A Baltimore boy who grew up to be an employment vTC entrepreneur has provided the University of Baltimore, his alma mater, with the largest gift in its 72-year history.
William Thumel Jr., who graduated from UB with a degree in business in 1969, said he decided to donate $1.4 million to honor his father -- a working man with a love of education who did not have the opportunity to attend college.
"We think this is pretty terrific news, darn right," said H. Mebane Turner, president of UB since the year Thumel graduated.
The university will name the building on the corner of Charles Street and Mount Royal Avenue that houses the Merrick School of Business for William Thumel Sr.
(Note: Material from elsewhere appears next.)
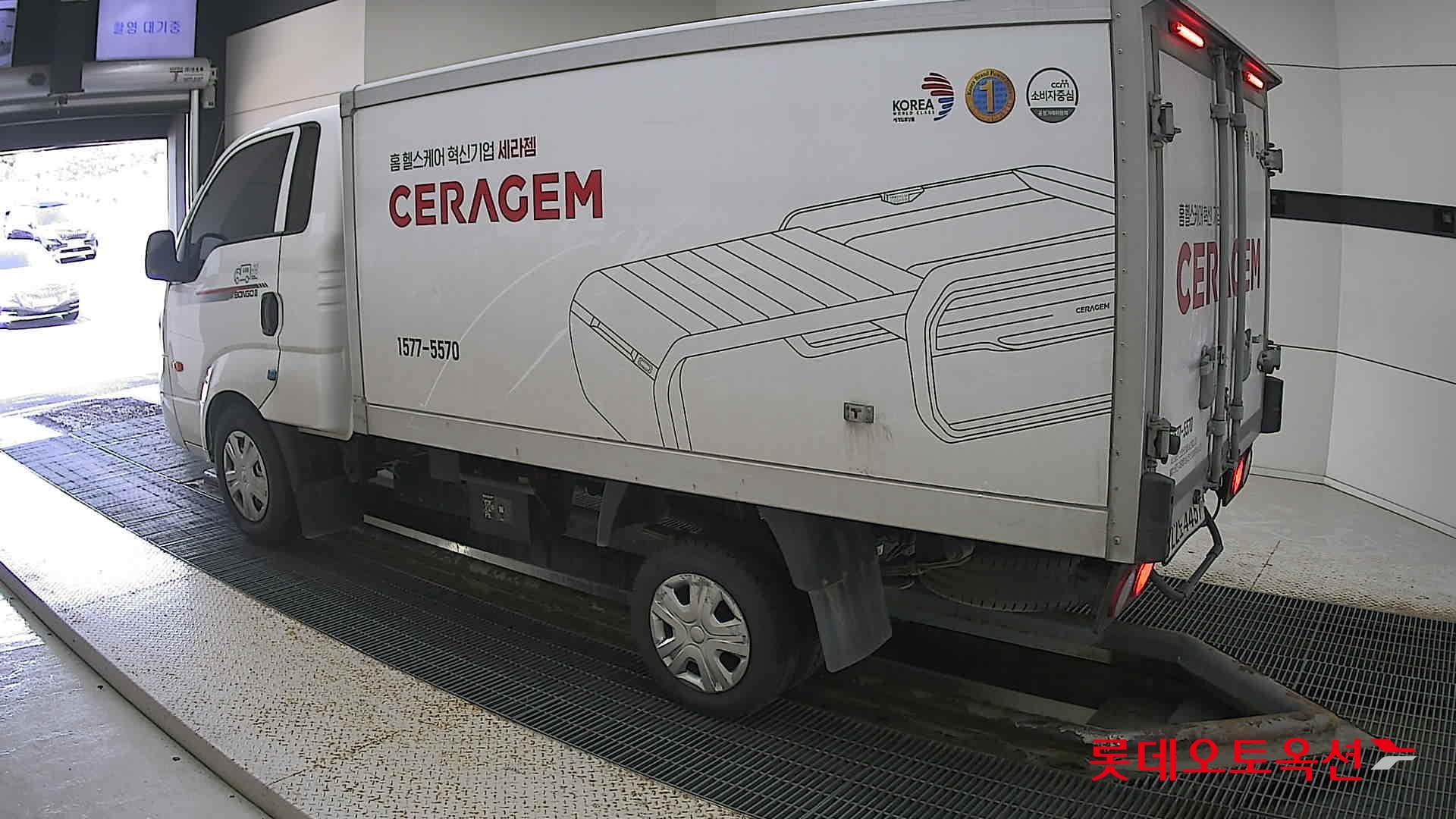 Kia Bongo III Low-profile built-in car id 3057711 из Кореи 10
The money will be used to set up an endowment to pay for undergraduate and graduate student scholarships.
Born in 1946, the younger Thumel worked his way through UB as a temporary employee for the Kelly Girl (now Kelly Services) Co. After graduating in 1969, Thumel worked in Atlanta for Kelly and served for nearly four years in the U.S. Coast Guard.
In January 1974, Thumel set up Abacus Temporary Services, in Norfolk, Va., which, after a series of purchases and a merger proposal that was released last week, is poised to become the nation's fourth-largest temporary employment company.
William Thumel Sr. and his family had owned a series of shops in and near the Charles Street corridor, including a dining room, a hat shop and a coffee house, William Thumel Jr. said. Thumel Sr. graduated from Baltimore Polytechnic Institute in 1933, at the height of the Depression, and could not afford to continue his education.
"The loyalty is to Baltimore. It's a great town," Thumel said in a telephone interview from Virginia Beach, Va. "My dad passed away three years ago. It's nice to recognize him and his old stomping grounds."
But Thumel also said he wanted to mark the real-life schooling he received at UB.
"With a cement campus like it is, it's not a party school," Thumel said.
He added, "You get an education. It's where you worked and went to school and worked at the same time."
The gift pushes UB beyond its drive goal of $4.2 million to $4.9 million in pledges, and the school now hopes to raise $5 million, Turner said.
The university, at the northern edge of downtown, is an upper-division school, meaning that it has only undergraduates in their junior and senior years, along with some graduate students.